> [WORK TO BE COMPLETED] Beginning with the line that contains "1957 E 72nd St, Chicago, IL 60649 - Photo 6", restate each line below through the final one exactly, and exclude the pictures.

>>>>

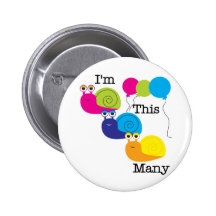 Tre sniglar mig denna förmiddag många Tshirts och  Pins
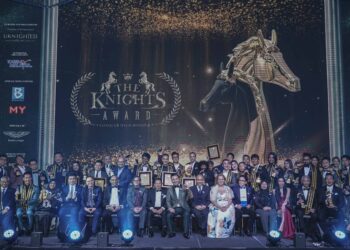 ZYRO Wong (duduk, tengah) bergambar bersama sebahagian penerima anugerah yang hadir pada Majlis Anugerah The Knights 2023 Musim Ke-2 di Kuala Lumpur. - UTUSAN/AMIR KHALID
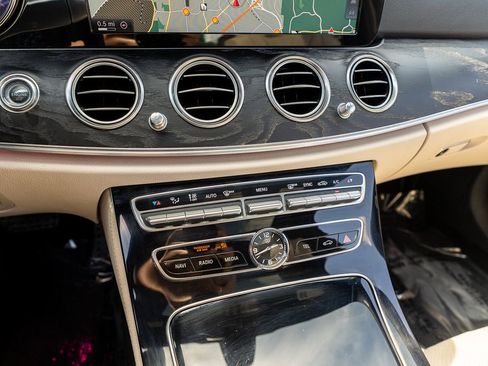 Used 2017 Mercedes-Benz E 300 image 42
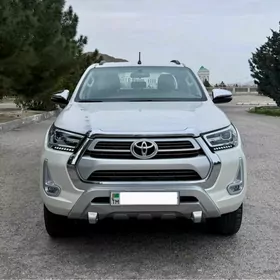 Toyota Hilux 2022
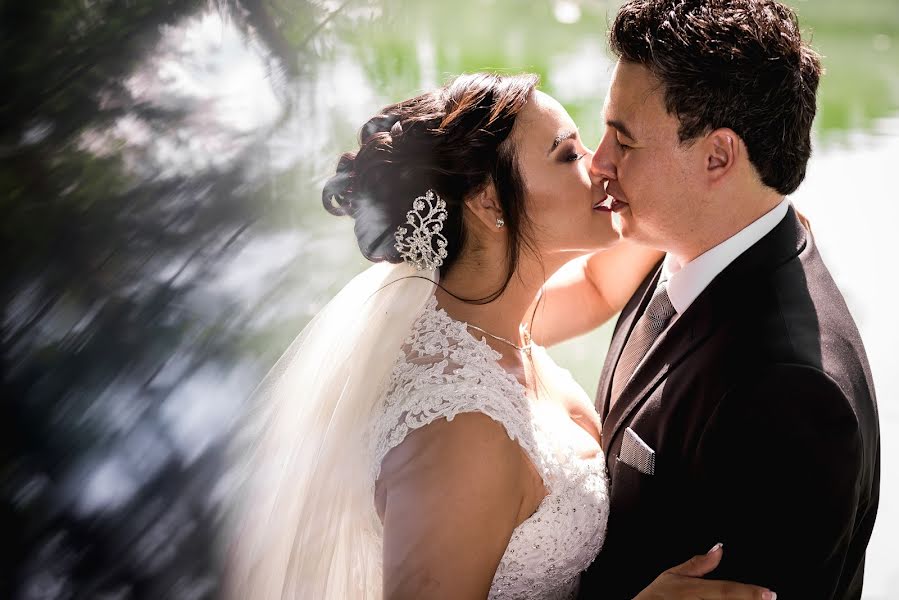 Fotógrafo de casamento Paola Gutiérrez (alexypao). Foto de 25 de julho 2017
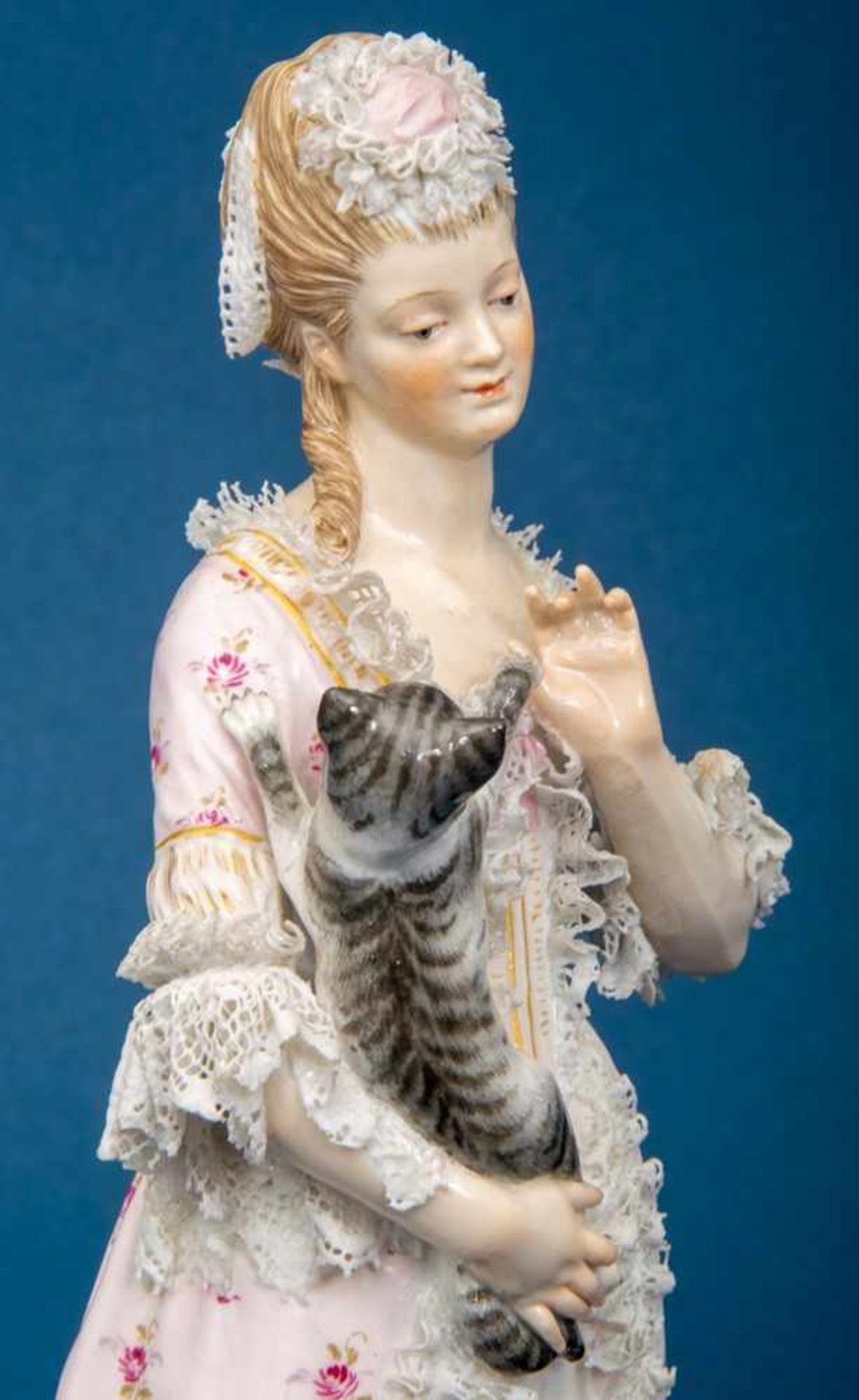 "Galante junge Dame mit Katze". Meissen, Schwertermarke, 1. Wahl, Modellno. L 163, Entwurf von Jacob - Bild 3 aus 7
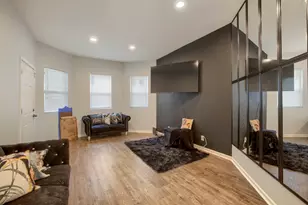 1957 E 72nd St, Chicago, IL 60649 - Photo 6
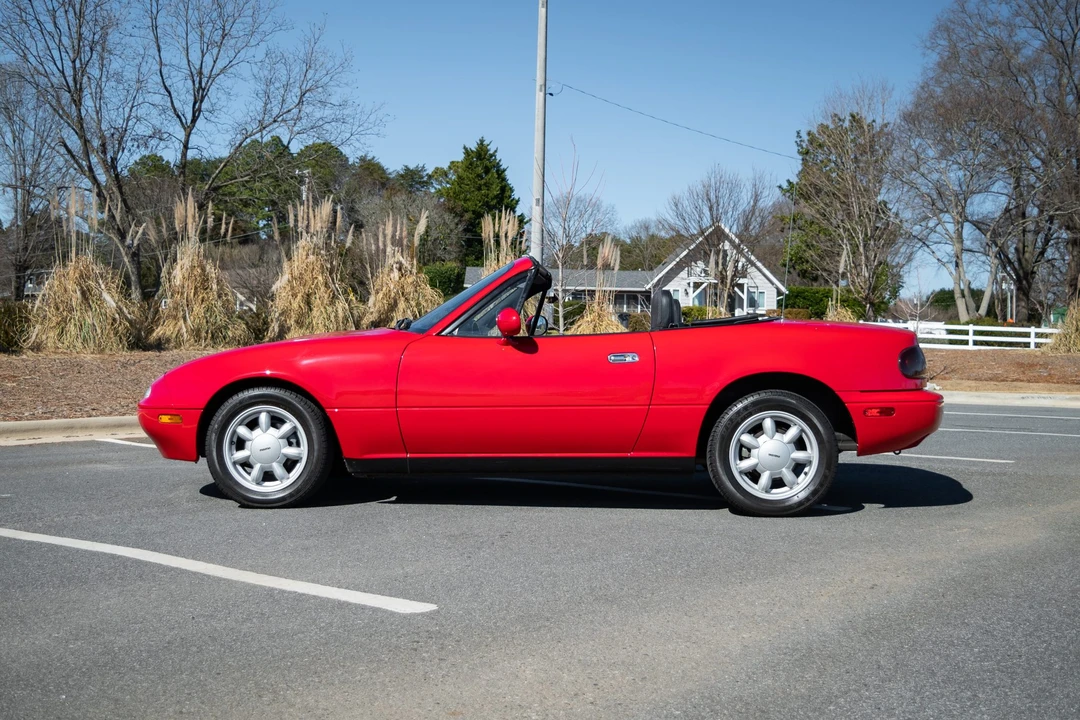 1990 Mazda NA MX-5 Miata - Image 12 of 31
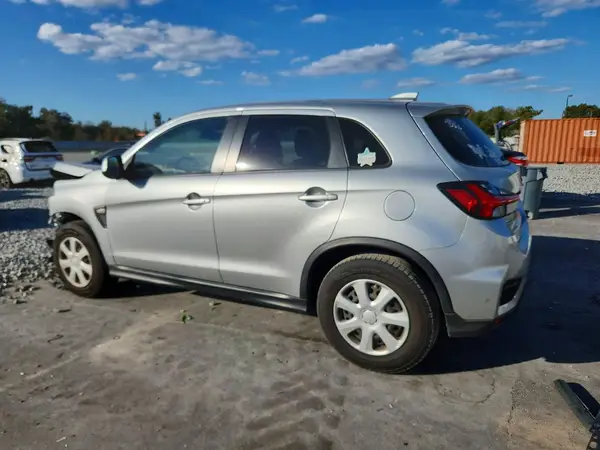 JA4APUAU9NU021190 2022 MITSUBISHI OUTLANDER - Image 2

<<<<

> [RESULT FOR THIS TASK]
 1957 E 72nd St, Chicago, IL 60649 - Photo 6
 1990 Mazda NA MX-5 Miata - Image 12 of 31
 JA4APUAU9NU021190 2022 MITSUBISHI OUTLANDER - Image 2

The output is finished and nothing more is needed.